Ayurveda [ah-yer-vey-duh, -vee-] is the oldest continuously practiced health care system in the world. In Sanskrit, ayus means "long life" and the word veda refers to a system or "knowledge". So the rough translation of Ayurveda is "the art of longevity" or "science of life". It is India's traditional medical system, a powerful natural healing approach for mind, body, and spirit, with antiquity and depth parallel to the Yoga tradition (Frawley, 2001, pp.ix). Comprised of eight branches (pediatrics, gynecology, obstetrics, opthamology, geriatrics, otolaryngology, general medicine, and surgery) it is both a medical system and an art of daily living. Here in the West, the practice of Ayurveda is largely focused on the latter aspect as a form of preventative medicine.
Ayurveda examines the relationships between the Universe's five elements (Ether [space], Air, Fire, Earth, and Water) and their inherent energies that govern our physiology and well-being. Treatment approaches include lifestyle modifications surrounding diet choices, yoga and meditation, breathing exercises (pranayama), the intake of herbs, and receiving specific bodywork treatments to detoxify, restore and rejuvenate the mind-body. They are relative to time and the individual's unique make up of these elements. At once a vast body of knowledge and an inclusive approach to healing, Ayurveda does not subscribe to rigid applications of "do's" and "do not's". It is a richly-layered system steeped in tradition, and "...developed in a culture where worship, religion, philosophy, health, poetry, dance, and music were interwoven on a daily basis" (Frawley, 2001, pp. vii). It is said that the act of studying Ayurveda is likened to that of swimming across the ocean. It's a life-long process where a teacher can teach you how to swim, but the swimming is up to you.
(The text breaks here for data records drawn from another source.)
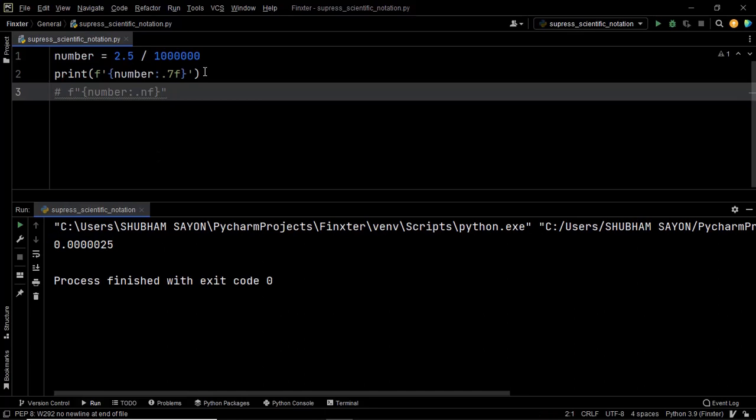Another approach to convert the scientific notation to its decimal format is to format the output as a floating point string with the help of the format method. Format is a built-in function in Python that returns a formatted string. It formats the specific values and inserts them in the placeholder of the string.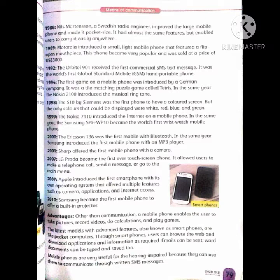1998: The S10 by Siemens was the first phone to have a colored screen, but the only colors that could be displayed were white, red, blue and green. 1999: The Nokia 7110 introduced the internet on a mobile phone. Nokia نے پہلا phone متعارف کروایا جس میں internet کی سہولت موجود تھی۔ In the same year, the Samsung SPH WP10 became the world's first wristwatch mobile phone. Samsung نے پہلا کلائی گھڑی موبائل فون متعارف کروایا۔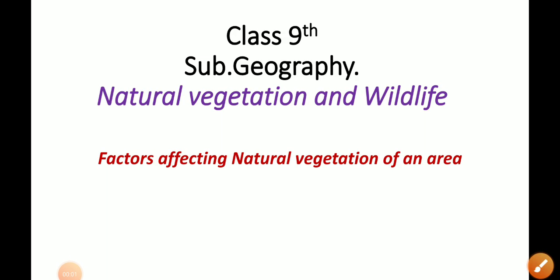Assalamu alaikum warahmatullahi wabarakatuh, dear students. Today's topic is 'Factors Affecting Natural Vegetation of an Area,' which is Lesson Number 5 on Natural Vegetation and Wildlife, Topic Number 2.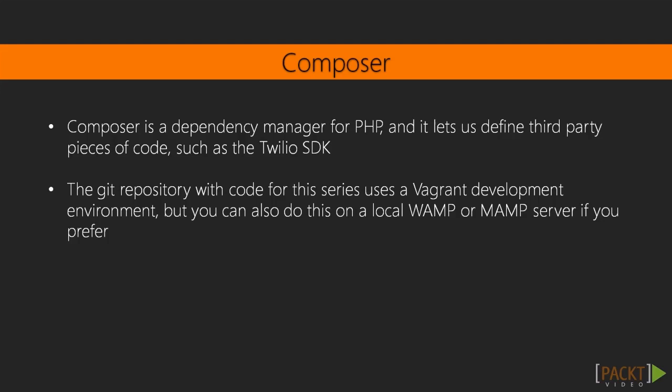Composer is a dependency manager for PHP and lets us define which third-party pieces of code, and it automatically fetches and installs that code for us. The Git repository with code for this series uses a Vagrant development environment, but you can also do this on a local WAMP or MAMP server if you prefer.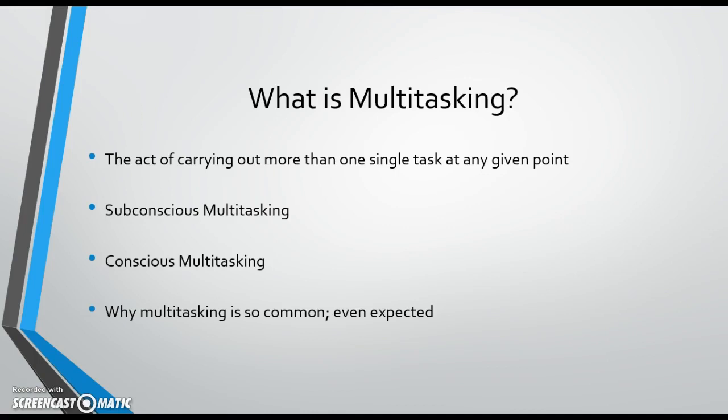As technology has improved, our need to be engaged in multiple forms of electronic activity has also increased. Human productivity is at an all-time high, meaning that more and more is expected of us all the time.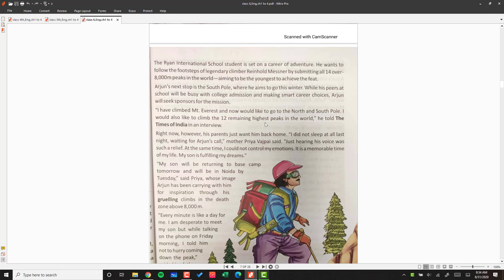'I have climbed Mount Everest and now would like to go to the North and South Pole. I would also like to climb the 12 remaining highest peaks in the world,' he told the Times of India in an interview.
Its natural approach compliments treatment plans from other medical systems without interfering and is what allows for the greatest results over time with little to none of the side-effects most commonly experienced in allopathic approaches - especially for chronic conditions like diabetes and hypertension. It is a lens thru which to view your life, knowing where your natural tendencies and inclinations serve you or create more challenges. It is a means of uniting the senses with the soul, mind, and body and unlocking your latent potential for self-healing and higher levels of consciousness.
Reference: Frawley D, Summerfield Kozak S. (2001). Yoga for Your Type: An Ayurvedic Approach to Your Asana Practice. Twin Lakes: Lotus Press.